Start of Block

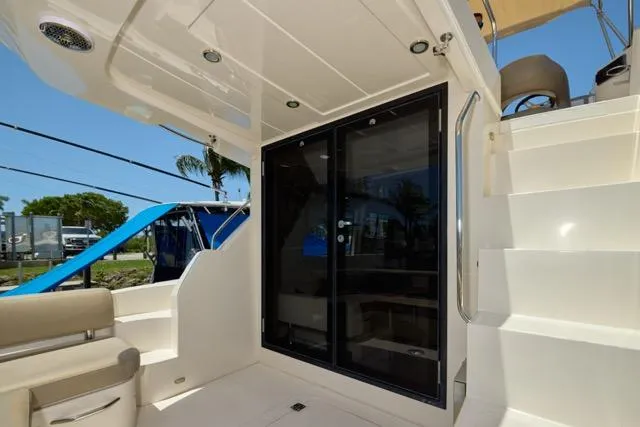  Yacht Photos Pics 2015 Carver C34 Command Bridge yacht with sliding glass doors and staircase, exterior view.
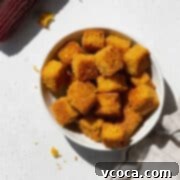 Close-up shot of a small dish of cornbread croutons.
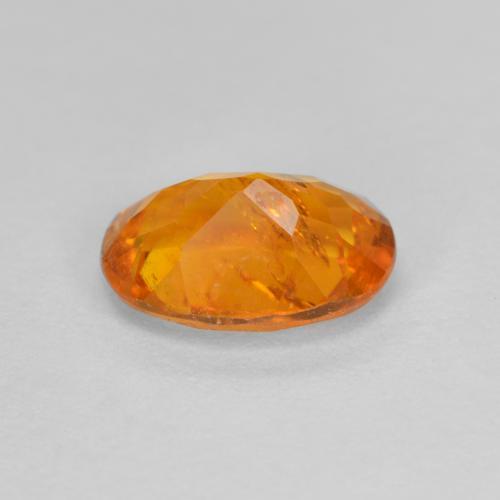 1,26 ctw natürlicher orangefarbener Clinohumit, Oval Schliff, SI-I1
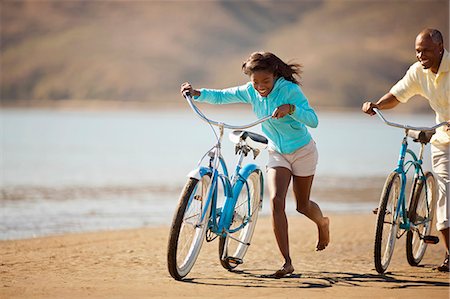 Smiling father and daughter riding their bikes on a beach. Stock Photo - Premium Royalty-Free, Code: 6128-08767238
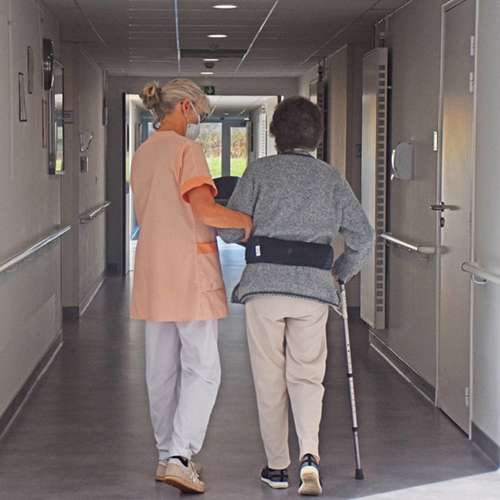 nurse walking patient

End of Block

§ **Problem requirements**
Type the entries again verbatim. Any pictures should be skipped.

§ **Written response**
  Yacht Photos Pics 2015 Carver C34 Command Bridge yacht with sliding glass doors and staircase, exterior view.
 Close-up shot of a small dish of cornbread croutons.
 1,26 ctw natürlicher orangefarbener Clinohumit, Oval Schliff, SI-I1
 Smiling father and daughter riding their bikes on a beach. Stock Photo - Premium Royalty-Free, Code: 6128-08767238
 nurse walking patient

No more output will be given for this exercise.